Provided data ▸
[Start of Attachment]
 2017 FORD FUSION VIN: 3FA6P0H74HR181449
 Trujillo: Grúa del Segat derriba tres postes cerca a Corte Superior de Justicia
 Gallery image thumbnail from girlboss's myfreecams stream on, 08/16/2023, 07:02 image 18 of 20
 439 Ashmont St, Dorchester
[End of Attachment]
[Start of Attachment]
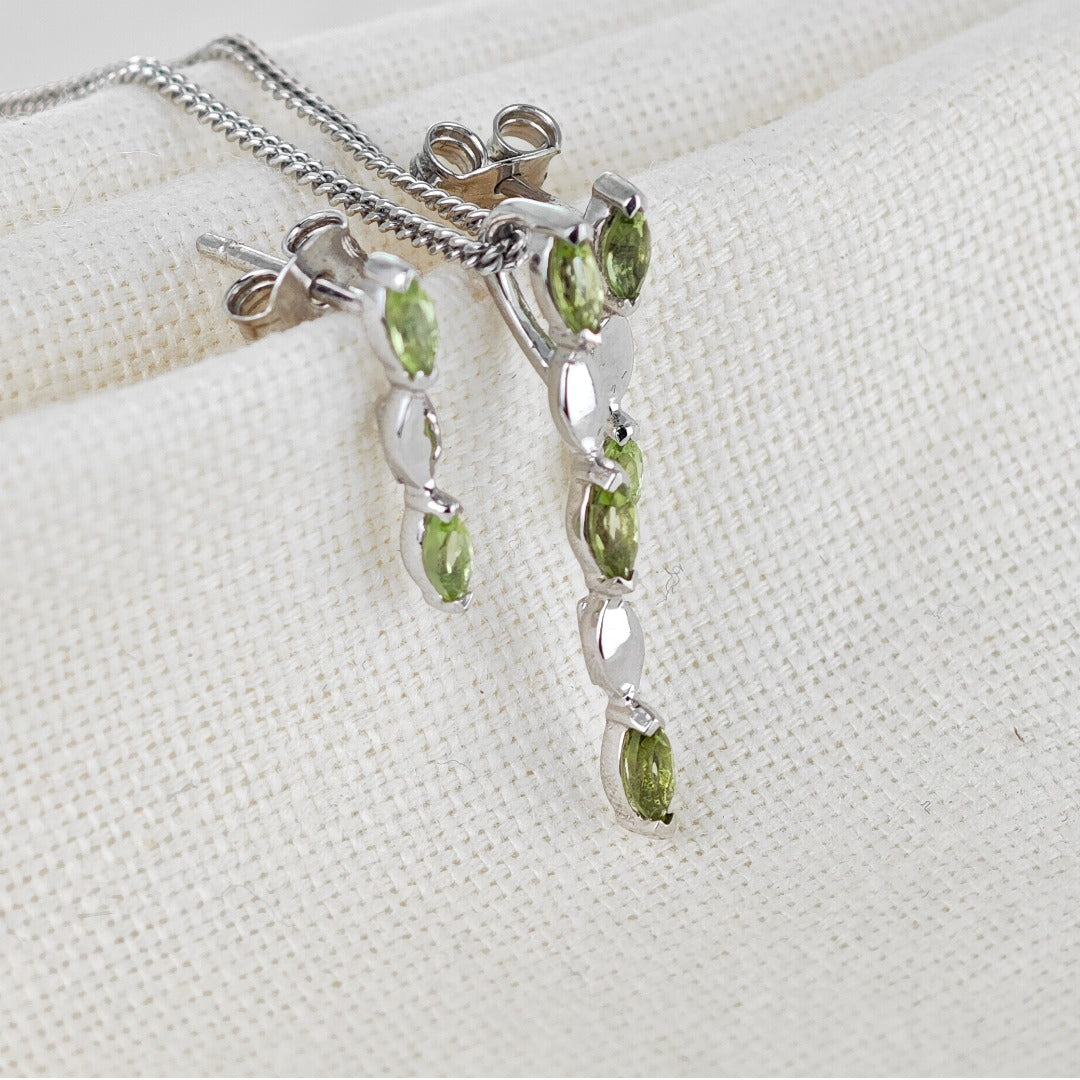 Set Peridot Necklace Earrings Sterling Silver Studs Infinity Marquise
[End of Attachment]
[Start of Attachment]
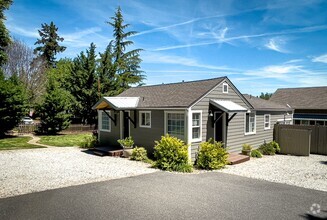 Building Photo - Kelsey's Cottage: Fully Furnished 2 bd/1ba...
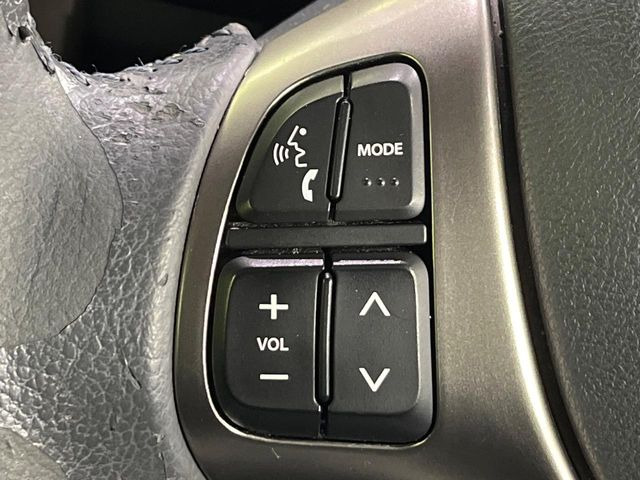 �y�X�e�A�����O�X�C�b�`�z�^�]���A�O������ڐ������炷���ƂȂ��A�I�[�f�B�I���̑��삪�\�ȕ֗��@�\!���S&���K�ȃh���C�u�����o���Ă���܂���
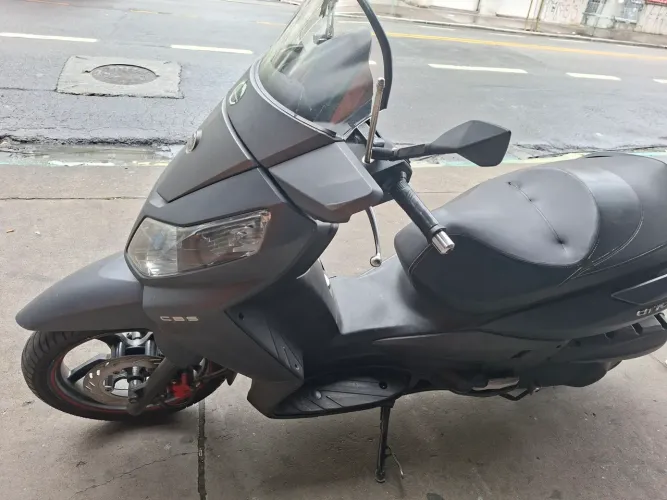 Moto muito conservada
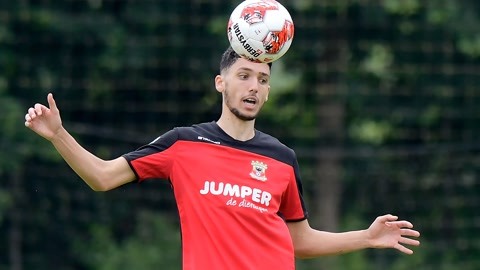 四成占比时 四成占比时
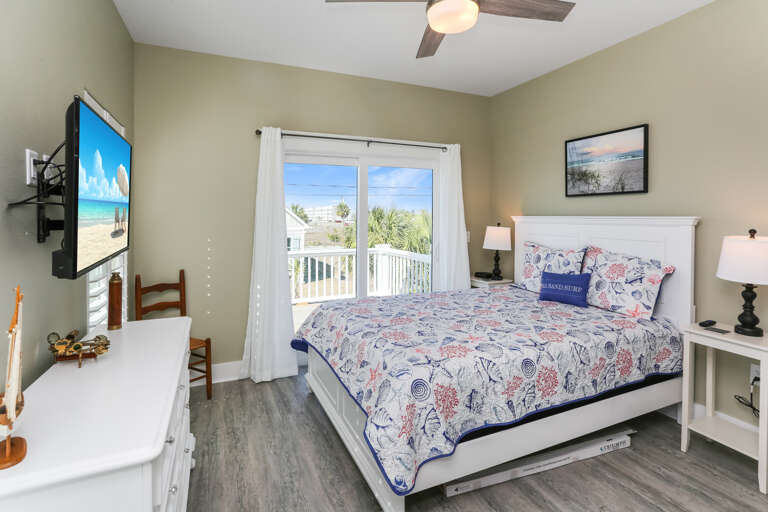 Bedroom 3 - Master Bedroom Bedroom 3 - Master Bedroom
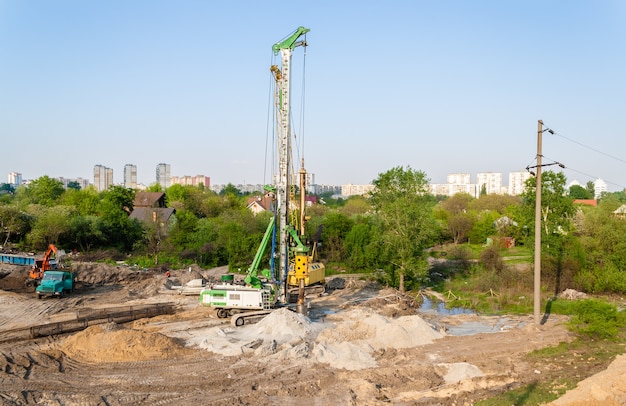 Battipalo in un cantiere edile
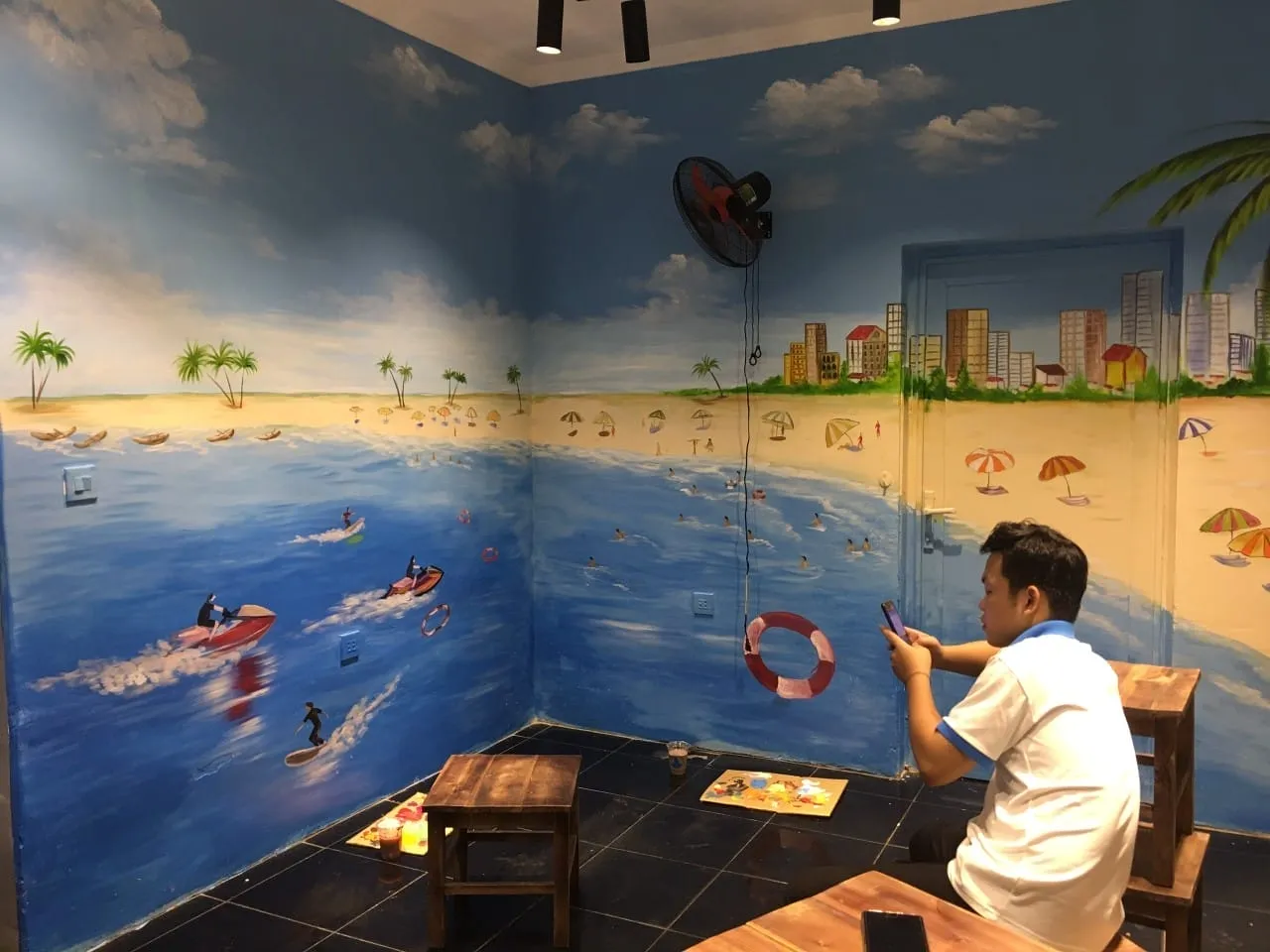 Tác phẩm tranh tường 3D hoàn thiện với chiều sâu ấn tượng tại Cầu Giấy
[End of Attachment]
Your instructions ▸ In your answer, include only the lines above starting at the line that holds "2017 FORD FUSION VIN: 3FA6P0H74HR181449" and ending at the line that holds "439 Ashmont St, Dorchester", copied exactly.

Written solution ▸
 2017 FORD FUSION VIN: 3FA6P0H74HR181449
 Trujillo: Grúa del Segat derriba tres postes cerca a Corte Superior de Justicia
 Gallery image thumbnail from girlboss's myfreecams stream on, 08/16/2023, 07:02 image 18 of 20
 439 Ashmont St, Dorchester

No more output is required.